*** Begin section ***
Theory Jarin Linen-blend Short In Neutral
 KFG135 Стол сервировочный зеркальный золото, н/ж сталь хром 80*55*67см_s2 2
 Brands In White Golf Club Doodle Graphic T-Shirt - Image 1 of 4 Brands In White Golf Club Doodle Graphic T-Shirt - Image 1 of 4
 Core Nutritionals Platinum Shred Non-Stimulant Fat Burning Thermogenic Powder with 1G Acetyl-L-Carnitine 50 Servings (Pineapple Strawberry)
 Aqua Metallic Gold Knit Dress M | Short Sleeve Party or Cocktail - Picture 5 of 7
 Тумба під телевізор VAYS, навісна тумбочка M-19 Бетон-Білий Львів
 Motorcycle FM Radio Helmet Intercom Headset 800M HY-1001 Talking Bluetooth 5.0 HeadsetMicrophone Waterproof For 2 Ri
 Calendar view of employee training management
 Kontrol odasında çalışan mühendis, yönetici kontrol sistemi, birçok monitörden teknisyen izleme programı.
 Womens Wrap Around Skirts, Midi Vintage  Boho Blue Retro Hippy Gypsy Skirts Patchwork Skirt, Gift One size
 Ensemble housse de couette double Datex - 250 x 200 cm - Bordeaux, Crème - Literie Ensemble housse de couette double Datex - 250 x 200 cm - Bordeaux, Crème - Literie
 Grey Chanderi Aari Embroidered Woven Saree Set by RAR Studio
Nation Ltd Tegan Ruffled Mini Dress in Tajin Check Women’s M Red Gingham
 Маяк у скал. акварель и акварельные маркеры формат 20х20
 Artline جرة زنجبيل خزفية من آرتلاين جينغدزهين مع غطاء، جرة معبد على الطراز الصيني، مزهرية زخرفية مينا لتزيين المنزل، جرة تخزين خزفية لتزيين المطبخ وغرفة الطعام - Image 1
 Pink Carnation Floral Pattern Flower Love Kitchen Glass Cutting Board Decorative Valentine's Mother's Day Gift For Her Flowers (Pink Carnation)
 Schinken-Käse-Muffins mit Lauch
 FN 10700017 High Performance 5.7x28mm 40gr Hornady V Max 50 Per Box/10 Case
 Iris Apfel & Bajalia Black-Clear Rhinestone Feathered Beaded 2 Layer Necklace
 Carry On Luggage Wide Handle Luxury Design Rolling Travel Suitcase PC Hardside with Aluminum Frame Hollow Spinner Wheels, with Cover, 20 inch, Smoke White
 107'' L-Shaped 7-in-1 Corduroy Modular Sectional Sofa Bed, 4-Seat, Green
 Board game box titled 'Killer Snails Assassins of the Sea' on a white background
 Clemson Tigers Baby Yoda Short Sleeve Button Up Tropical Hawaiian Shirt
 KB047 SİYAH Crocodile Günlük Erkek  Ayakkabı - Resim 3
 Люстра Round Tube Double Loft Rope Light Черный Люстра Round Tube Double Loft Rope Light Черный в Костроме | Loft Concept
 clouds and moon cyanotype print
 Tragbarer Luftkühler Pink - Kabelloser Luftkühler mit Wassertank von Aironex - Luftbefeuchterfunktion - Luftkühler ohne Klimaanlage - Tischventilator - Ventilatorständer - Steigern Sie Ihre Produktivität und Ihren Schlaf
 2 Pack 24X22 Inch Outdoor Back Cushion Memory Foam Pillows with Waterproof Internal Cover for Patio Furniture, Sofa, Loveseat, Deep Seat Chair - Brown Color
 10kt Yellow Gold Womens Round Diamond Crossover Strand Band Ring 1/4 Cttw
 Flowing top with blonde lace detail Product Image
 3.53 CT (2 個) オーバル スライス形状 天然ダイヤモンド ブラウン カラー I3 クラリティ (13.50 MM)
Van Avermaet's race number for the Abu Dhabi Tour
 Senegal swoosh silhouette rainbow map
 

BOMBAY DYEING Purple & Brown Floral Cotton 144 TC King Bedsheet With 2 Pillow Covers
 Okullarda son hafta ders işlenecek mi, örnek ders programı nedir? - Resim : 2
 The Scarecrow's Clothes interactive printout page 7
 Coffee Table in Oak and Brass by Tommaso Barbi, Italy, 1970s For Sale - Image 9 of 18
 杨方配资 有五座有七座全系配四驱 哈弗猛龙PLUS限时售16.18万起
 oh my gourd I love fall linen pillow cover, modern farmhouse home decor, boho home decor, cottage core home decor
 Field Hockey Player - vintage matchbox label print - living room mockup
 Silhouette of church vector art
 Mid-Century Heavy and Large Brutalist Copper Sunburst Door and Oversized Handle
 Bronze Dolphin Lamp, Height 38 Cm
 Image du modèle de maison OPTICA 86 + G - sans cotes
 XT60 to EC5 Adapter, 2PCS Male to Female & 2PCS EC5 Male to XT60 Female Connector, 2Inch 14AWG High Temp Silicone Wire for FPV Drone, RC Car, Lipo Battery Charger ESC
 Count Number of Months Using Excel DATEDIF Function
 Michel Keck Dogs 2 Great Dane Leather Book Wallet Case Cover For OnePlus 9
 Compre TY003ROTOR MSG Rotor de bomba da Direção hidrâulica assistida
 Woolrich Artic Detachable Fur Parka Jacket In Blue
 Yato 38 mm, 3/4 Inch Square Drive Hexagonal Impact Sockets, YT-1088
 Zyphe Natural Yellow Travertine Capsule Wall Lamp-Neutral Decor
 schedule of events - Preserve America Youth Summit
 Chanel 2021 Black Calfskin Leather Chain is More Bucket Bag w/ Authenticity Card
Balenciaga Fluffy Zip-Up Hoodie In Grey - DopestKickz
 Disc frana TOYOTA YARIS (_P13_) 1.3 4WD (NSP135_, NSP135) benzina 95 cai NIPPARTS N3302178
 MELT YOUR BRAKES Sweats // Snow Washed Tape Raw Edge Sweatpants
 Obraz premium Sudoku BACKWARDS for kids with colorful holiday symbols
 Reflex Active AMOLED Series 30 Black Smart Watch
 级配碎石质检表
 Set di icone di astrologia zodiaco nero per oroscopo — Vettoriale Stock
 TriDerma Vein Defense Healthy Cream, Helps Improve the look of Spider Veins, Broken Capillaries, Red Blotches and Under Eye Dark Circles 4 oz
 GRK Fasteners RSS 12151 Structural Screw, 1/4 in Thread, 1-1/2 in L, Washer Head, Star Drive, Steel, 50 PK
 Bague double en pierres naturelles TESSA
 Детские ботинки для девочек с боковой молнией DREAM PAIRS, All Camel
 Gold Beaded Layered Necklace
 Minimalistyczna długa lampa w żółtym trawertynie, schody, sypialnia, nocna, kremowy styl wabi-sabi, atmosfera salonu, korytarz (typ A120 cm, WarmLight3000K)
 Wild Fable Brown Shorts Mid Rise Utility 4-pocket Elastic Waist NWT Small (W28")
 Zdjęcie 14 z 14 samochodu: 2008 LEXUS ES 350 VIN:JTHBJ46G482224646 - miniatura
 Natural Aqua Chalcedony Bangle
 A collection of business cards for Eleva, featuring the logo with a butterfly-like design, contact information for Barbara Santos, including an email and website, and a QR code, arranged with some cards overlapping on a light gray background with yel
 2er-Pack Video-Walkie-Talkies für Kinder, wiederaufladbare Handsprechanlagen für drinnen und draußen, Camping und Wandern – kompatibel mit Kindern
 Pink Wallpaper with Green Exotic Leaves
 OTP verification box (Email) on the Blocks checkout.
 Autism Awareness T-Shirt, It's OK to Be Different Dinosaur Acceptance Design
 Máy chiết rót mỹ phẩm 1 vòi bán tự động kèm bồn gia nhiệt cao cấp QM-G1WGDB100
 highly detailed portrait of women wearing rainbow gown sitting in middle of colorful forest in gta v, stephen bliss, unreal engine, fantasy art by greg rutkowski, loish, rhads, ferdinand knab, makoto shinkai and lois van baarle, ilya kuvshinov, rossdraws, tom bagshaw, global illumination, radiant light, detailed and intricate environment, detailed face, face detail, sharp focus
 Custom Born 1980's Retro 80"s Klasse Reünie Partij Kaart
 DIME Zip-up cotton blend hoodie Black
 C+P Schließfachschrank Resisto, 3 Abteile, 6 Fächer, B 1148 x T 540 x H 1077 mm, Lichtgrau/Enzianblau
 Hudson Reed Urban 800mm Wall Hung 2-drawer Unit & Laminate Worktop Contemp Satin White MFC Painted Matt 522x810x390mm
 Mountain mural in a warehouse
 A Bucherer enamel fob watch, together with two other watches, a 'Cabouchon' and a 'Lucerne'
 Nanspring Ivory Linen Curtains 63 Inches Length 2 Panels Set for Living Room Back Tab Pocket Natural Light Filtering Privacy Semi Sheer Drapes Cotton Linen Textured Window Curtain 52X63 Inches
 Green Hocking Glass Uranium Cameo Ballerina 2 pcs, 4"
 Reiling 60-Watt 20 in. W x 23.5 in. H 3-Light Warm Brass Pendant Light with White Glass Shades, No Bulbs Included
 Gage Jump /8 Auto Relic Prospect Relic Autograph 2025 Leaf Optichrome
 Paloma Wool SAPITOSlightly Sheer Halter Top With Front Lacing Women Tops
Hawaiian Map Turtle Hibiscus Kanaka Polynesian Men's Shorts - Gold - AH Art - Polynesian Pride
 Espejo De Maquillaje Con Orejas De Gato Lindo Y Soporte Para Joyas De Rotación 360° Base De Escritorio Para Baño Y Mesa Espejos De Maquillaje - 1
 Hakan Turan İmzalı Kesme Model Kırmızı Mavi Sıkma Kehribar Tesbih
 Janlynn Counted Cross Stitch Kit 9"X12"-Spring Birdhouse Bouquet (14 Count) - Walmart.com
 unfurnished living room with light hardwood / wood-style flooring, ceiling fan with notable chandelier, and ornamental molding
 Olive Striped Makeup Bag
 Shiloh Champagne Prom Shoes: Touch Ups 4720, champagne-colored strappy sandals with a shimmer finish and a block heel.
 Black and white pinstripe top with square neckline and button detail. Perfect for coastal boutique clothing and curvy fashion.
*** End section ***
## ABOUT THIS EXERCISE
Once you find the line containing "Motorcycle FM Radio", stop: reproduce exactly that line and every line of the data before it, and nothing else.

## WORKED SOLUTION
Theory Jarin Linen-blend Short In Neutral
 KFG135 Стол сервировочный зеркальный золото, н/ж сталь хром 80*55*67см_s2 2
 Brands In White Golf Club Doodle Graphic T-Shirt - Image 1 of 4 Brands In White Golf Club Doodle Graphic T-Shirt - Image 1 of 4
 Core Nutritionals Platinum Shred Non-Stimulant Fat Burning Thermogenic Powder with 1G Acetyl-L-Carnitine 50 Servings (Pineapple Strawberry)
 Aqua Metallic Gold Knit Dress M | Short Sleeve Party or Cocktail - Picture 5 of 7
 Тумба під телевізор VAYS, навісна тумбочка M-19 Бетон-Білий Львів
 Motorcycle FM Radio Helmet Intercom Headset 800M HY-1001 Talking Bluetooth 5.0 HeadsetMicrophone Waterproof For 2 Ri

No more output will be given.